Jacinto Dávila, writing for leftist website Rebelión, examines the Venezuelan government’s recent overhaul of the country’s currency control system.

Do we know what we’re talking about? Probably not, because economic science (some say it isn’t a science), beyond its structural complexity, is a field of political battle, or at least, a sophisticated board for strategy games between opposing players. In these circumstances it’s unlikely that all players will declare their intentions, and even less, explain their strategies.

A democratically elected government (and whose leaders will have to submit themselves to electoral evaluation again) must declare their intentions. These politicians have a more limited game, as they can only half-conceal their strategies. To make it even harder, the politicians who don’t give in to one of the economic interests which they could be against, act in representation of everyone every time they declare, and every declaration is a guide to action for all society. What good is a guide if it isn’t as clear as possible?

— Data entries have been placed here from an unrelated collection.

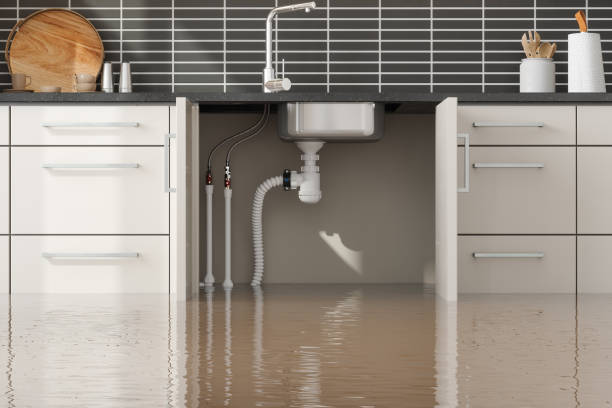 Best Flood damage cleanup  in Sandy Springs, GA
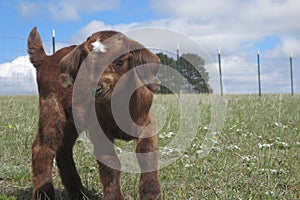 Baby Boer goat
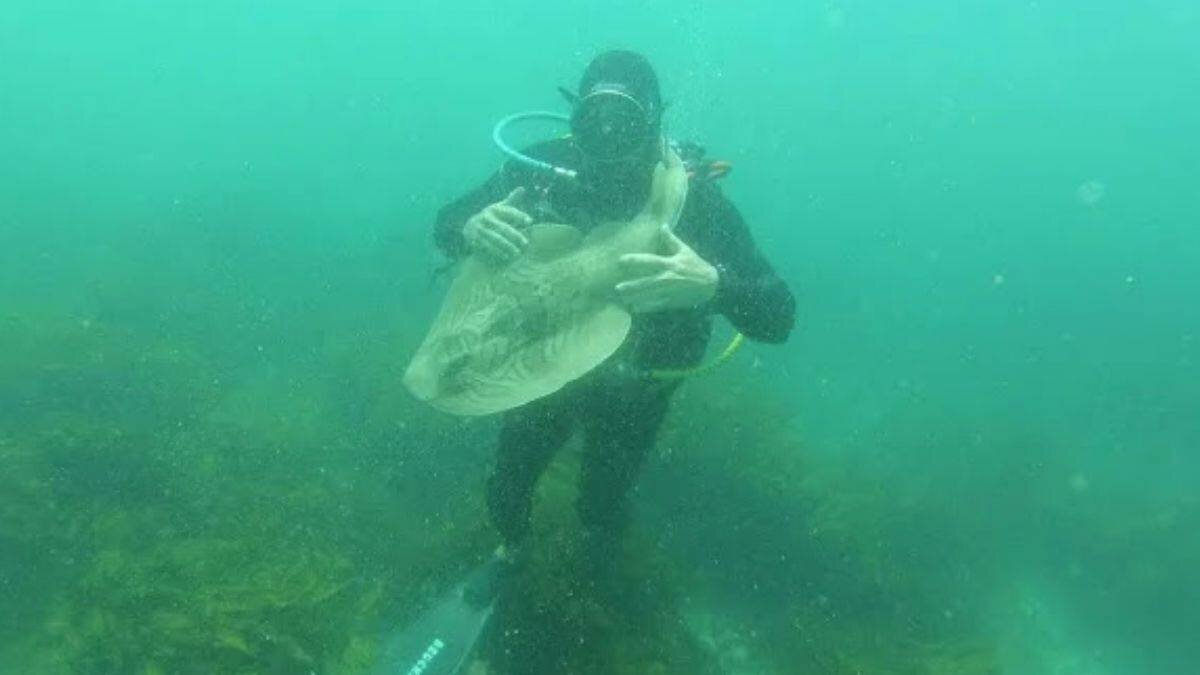 ¡Increíble! Se acerca tiburón a abrazar a un buzo desde hace 10 años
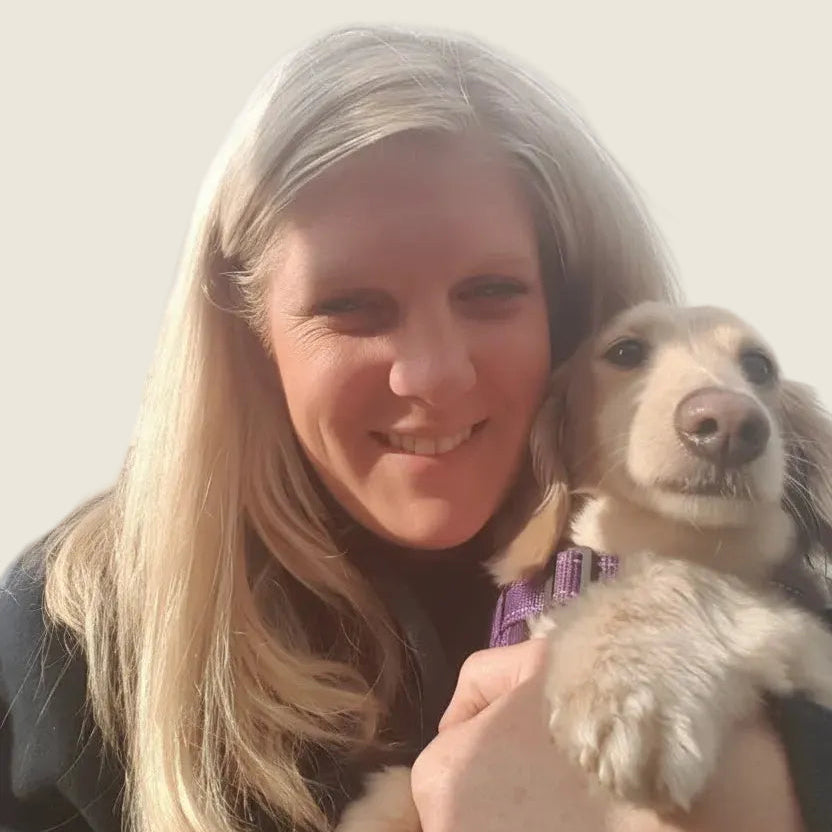A smiling blonde woman holding a small light-colored dachshund dog against a bright white background. The dog is wearing a purple collar.
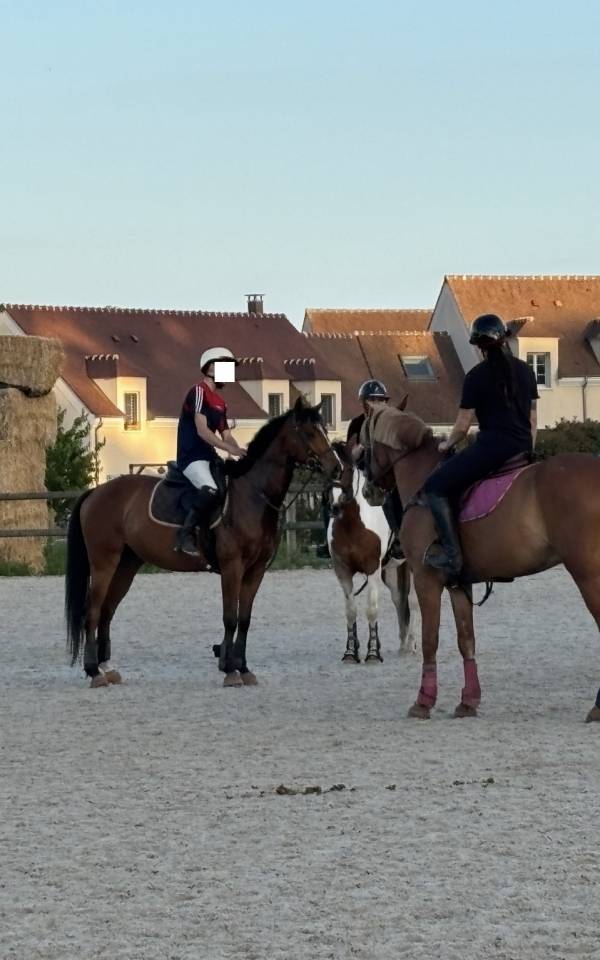 Caballo castrado Pura Sangre En venta 2021 Bayo por LAW DEPUTY (IE), PS
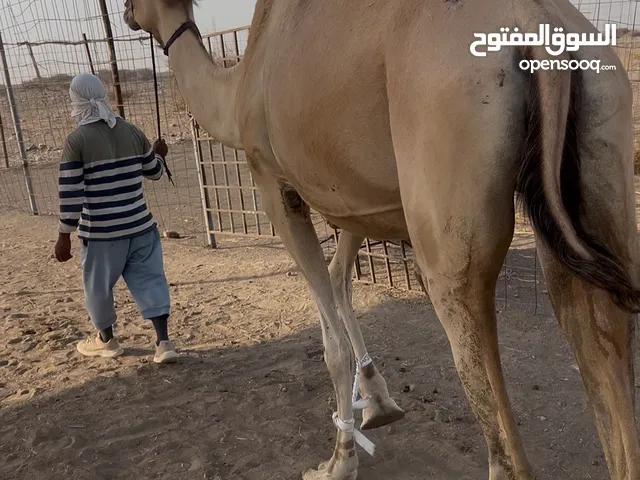 اضاحي فول سمنه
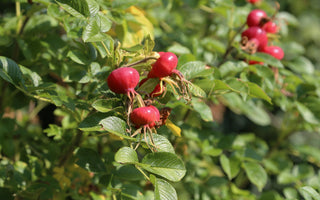 Resilient Roses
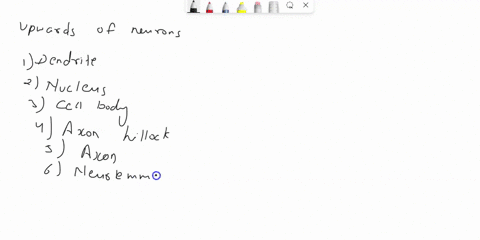 Correctly label the following anatomical features of a...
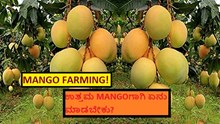 MANGO FARMING! ಉತ್ತಮ MANGOಗಾಗಿ ಏನು ಮಾಡಬೇಕು?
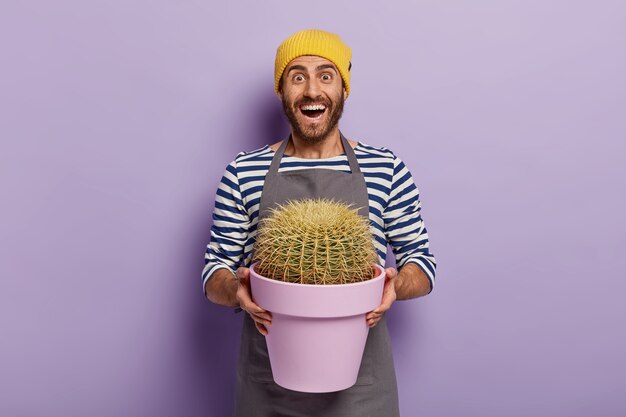 幸せな男性の植物学者が驚いたサボテンはとても速く成長し、とげのある観葉植物で紫色の鉢を保持します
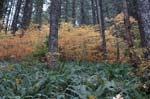 2008_10_30_Mult_Falls_12mi_0419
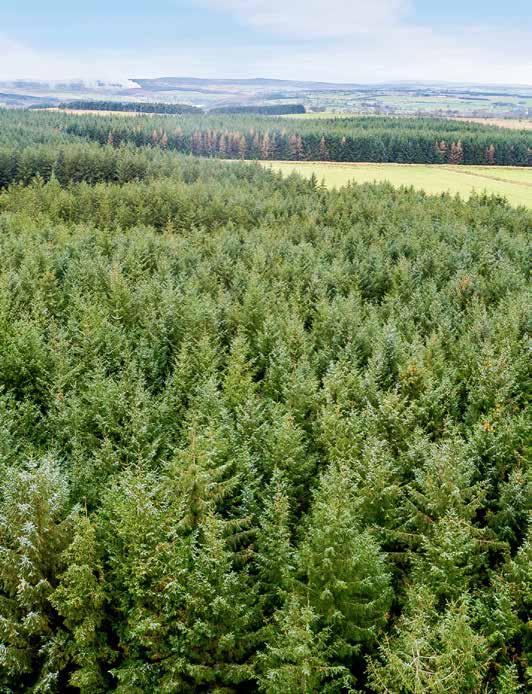 TAXATION After two years ownership, commercially managed woods qualify for 100% relief from Inheritance Tax. Timber sales are free of all Income Tax and do not attract Capital Gains Tax.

“Devaluation” has become synonymous with “lack of confidence” for many people not versed in economics (it’s worth saying, the general public). However economists explain that reducing the nominal value of a currency, normally the decision of the government of the country in question, doesn’t mean that the country is then “worth less”, and to the contrary, it can be a way of strengthening the economy. In fact, when this reduction occurs in a “free” currency exchange market, they call it by another name (depreciation) and it becomes a natural act. All of this, of course, is part of the orthodox neoliberal conceptualisation trying to disguise itself as “neutral” science (reassessed due to its redundancy).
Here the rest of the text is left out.